There were the central bankers and their insistence on failing to recognise the shifting dynamic of global inflation, and of keeping monetary policy far too loose. There were the politicians who were determined to work things so that as many people as possible ended up owning their own homes, regardless of the risks inherent in doing so. There were the mortgage brokers who actually falsified the documents to keep things going. And of course, the general population – the ones who took out the mortgages they must have known they couldn’t actually repay. Everyone played their part in the ‘house prices never fall’ game.

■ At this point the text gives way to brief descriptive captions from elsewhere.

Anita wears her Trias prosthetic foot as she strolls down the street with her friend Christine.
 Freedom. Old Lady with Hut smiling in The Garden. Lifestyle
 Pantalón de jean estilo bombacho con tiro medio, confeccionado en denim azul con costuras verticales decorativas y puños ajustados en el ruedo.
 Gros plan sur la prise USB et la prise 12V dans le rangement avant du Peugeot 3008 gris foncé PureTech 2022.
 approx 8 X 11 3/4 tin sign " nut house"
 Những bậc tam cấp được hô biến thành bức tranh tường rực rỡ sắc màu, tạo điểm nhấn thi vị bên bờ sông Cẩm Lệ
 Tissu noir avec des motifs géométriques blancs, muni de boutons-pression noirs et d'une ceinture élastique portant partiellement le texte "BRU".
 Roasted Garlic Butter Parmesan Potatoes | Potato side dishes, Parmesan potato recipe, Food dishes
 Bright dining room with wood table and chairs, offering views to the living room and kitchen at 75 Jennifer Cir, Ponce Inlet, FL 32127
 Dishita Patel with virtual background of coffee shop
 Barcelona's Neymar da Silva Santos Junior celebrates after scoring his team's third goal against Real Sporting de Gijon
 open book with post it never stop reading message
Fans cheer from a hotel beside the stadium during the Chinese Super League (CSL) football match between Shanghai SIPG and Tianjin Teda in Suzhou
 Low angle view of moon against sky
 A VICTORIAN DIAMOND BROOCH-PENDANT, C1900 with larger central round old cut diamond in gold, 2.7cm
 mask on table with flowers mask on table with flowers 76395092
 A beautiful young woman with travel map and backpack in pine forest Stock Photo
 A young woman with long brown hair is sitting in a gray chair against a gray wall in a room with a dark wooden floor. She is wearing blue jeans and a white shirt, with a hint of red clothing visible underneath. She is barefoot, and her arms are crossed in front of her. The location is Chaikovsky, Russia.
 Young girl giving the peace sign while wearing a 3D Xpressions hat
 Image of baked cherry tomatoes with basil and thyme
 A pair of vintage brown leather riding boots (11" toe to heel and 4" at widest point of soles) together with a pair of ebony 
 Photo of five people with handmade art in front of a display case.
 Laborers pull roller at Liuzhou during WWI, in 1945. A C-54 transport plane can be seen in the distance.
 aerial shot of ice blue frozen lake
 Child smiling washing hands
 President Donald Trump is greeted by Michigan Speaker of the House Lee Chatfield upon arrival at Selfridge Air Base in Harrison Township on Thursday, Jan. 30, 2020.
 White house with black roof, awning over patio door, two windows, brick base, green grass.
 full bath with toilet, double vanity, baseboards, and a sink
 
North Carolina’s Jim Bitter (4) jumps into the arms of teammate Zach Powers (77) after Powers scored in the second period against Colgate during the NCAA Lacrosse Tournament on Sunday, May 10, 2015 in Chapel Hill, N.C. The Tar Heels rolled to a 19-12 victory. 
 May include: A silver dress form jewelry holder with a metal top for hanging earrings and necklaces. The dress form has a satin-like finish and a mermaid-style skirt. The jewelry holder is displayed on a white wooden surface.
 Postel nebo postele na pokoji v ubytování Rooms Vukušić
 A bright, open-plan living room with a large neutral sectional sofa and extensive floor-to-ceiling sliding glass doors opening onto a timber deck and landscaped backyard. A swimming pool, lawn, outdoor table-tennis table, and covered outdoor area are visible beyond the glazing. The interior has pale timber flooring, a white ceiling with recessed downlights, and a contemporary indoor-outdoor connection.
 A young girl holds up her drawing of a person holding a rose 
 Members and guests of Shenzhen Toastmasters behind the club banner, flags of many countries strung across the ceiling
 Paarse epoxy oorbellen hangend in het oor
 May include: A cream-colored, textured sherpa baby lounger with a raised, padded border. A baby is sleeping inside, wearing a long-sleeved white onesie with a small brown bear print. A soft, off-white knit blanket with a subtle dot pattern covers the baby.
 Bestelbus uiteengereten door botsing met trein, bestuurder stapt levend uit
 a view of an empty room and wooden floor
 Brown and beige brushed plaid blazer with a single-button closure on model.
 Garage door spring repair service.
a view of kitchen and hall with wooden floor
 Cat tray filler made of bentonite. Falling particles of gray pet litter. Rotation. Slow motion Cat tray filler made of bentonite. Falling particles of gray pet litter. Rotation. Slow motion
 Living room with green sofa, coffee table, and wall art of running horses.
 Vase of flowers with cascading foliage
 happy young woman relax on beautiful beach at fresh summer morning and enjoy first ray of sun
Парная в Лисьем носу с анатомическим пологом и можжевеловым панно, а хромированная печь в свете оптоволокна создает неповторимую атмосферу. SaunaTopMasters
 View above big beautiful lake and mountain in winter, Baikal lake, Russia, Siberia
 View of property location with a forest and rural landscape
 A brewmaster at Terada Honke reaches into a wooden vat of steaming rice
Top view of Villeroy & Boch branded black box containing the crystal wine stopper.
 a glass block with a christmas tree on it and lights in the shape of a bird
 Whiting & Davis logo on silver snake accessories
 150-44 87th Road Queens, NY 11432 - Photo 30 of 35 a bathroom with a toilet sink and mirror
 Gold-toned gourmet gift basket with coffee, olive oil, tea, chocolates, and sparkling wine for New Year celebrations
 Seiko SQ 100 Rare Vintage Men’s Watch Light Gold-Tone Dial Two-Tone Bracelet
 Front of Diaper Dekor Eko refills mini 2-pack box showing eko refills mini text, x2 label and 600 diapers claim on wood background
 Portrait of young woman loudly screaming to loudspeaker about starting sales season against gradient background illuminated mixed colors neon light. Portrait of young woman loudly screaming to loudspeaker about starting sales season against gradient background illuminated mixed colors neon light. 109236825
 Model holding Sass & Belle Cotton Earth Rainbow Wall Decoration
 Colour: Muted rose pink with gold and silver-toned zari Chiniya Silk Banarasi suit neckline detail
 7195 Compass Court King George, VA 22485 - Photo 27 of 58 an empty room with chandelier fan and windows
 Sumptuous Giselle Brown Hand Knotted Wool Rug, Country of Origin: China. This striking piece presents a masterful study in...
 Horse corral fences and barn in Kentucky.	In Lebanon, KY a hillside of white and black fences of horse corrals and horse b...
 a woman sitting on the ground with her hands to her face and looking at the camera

It is also the case that the banks remain very, very fragile. £30bn might push them back over the edge again, meaning that the government’s lawsuit leads to another government bail-out. Make the banks pay and everyone pays. Not only might the taxpayer end up on the hook again, but any fines will inevitably be passed on to the customers in higher charges. Then there are the pension funds and so on holding shares in the banks. Anything that pushes their share prices down (as even the news of a lawsuit has) hurts them.
Add it all up and you can make a reasonable case for letting the whole thing go. Everyone behaved badly, said another of the guests on BBC World this morning. “Let’s just move on.”
But I’m not so sure we should. There is plenty of evidence that there was fraud involved in the whole debacle and the idea that justice shouldn’t be done because justice can have nasty consequences is not a good one. As is the fact that you shouldn’t aim to punish one guilty party because you can’t punish them all – the US is never going to sue the Federal Reserve or its own politicians, much as perhaps it should.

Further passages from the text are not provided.